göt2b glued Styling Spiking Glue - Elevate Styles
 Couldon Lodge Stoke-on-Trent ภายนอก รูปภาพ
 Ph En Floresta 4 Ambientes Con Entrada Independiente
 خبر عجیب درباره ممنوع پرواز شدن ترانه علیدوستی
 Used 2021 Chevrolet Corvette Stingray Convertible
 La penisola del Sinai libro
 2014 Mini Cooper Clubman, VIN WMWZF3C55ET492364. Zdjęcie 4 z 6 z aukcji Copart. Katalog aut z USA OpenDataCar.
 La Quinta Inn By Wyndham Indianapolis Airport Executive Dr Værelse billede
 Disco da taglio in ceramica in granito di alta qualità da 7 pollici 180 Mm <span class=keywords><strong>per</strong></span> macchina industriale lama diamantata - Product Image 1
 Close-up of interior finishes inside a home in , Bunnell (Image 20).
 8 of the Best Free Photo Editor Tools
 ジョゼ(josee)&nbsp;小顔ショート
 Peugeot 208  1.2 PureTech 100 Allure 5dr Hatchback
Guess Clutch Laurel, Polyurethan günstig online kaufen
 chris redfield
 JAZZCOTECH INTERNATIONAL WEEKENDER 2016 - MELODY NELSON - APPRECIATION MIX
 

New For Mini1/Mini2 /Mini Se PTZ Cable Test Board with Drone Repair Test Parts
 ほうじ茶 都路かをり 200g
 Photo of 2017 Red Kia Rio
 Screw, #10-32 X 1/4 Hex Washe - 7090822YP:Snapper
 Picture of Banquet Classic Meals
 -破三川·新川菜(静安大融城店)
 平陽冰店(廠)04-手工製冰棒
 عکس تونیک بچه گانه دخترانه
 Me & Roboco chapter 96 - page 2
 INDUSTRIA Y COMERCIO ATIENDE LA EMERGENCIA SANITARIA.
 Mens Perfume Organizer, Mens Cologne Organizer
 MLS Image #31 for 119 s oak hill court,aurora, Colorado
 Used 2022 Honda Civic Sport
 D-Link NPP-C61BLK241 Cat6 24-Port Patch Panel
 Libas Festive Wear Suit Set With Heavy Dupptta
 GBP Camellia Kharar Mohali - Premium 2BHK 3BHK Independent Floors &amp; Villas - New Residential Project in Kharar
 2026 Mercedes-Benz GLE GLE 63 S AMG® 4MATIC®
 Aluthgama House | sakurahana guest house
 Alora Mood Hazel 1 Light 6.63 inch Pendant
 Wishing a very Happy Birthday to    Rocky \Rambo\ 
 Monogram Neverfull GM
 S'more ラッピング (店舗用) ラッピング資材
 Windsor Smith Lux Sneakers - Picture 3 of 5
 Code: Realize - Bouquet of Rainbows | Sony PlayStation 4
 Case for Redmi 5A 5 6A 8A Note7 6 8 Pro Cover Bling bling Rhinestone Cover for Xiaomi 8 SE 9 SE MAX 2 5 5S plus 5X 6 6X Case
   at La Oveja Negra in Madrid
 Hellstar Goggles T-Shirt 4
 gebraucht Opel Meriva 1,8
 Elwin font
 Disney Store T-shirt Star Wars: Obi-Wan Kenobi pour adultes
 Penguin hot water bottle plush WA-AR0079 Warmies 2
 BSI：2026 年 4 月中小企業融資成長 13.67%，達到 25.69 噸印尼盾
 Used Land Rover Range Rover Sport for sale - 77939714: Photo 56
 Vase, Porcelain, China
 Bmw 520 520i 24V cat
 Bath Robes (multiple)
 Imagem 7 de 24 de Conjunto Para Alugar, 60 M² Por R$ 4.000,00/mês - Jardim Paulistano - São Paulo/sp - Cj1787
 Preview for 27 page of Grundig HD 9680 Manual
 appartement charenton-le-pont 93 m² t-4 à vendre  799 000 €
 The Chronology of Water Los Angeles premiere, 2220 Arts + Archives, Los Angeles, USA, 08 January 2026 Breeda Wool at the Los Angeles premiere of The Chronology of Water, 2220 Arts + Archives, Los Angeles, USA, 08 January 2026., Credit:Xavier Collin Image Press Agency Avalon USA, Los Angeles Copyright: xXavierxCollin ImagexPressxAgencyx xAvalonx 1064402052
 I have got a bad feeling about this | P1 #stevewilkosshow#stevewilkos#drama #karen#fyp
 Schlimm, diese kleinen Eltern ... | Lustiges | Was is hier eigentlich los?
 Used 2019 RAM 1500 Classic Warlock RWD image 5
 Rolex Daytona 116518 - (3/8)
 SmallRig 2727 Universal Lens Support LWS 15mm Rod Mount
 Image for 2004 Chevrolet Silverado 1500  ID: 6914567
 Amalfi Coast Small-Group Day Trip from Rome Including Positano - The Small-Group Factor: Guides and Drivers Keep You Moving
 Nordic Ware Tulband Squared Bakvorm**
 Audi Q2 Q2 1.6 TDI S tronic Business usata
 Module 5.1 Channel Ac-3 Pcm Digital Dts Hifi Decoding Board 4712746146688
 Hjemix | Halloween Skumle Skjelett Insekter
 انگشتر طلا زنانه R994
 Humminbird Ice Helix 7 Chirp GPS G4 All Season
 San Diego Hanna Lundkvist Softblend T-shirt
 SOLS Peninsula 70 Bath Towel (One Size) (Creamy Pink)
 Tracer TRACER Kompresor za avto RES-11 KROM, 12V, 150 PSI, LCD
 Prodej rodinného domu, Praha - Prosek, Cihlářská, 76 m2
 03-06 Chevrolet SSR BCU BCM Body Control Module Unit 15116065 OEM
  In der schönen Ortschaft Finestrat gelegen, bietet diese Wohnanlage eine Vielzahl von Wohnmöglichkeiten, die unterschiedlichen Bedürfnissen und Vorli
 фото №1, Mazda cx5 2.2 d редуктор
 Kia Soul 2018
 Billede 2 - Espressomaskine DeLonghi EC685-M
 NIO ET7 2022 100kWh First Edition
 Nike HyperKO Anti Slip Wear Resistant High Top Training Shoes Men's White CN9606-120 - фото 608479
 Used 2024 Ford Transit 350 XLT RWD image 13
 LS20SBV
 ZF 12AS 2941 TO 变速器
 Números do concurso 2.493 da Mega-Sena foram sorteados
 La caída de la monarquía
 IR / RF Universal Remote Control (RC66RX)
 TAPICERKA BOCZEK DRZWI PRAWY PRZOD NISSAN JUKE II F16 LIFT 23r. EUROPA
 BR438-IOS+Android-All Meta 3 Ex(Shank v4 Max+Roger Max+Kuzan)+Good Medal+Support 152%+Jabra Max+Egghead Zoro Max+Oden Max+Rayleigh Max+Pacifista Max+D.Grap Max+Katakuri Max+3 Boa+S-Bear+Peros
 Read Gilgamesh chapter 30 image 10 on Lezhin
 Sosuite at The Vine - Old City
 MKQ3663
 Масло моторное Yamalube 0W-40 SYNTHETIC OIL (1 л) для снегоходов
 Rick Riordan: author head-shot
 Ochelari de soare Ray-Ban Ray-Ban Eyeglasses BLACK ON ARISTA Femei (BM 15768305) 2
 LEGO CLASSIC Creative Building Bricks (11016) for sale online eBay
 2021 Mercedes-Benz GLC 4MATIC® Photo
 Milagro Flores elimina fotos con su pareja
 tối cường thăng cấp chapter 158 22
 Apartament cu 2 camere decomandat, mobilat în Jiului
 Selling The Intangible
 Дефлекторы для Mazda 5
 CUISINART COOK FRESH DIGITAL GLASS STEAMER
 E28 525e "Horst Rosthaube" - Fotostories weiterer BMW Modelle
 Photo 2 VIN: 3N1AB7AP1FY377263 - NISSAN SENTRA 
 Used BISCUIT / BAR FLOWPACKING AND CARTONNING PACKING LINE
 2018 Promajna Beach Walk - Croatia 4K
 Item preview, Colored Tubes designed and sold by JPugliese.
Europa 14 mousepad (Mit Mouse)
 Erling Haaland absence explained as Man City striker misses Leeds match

**PROMPT**
For every line in the listing above that contains "diese", copy that line.

**SOLUTION TO THIS EXERCISE**
 Schlimm, diese kleinen Eltern ... | Lustiges | Was is hier eigentlich los?
  In der schönen Ortschaft Finestrat gelegen, bietet diese Wohnanlage eine Vielzahl von Wohnmöglichkeiten, die unterschiedlichen Bedürfnissen und Vorli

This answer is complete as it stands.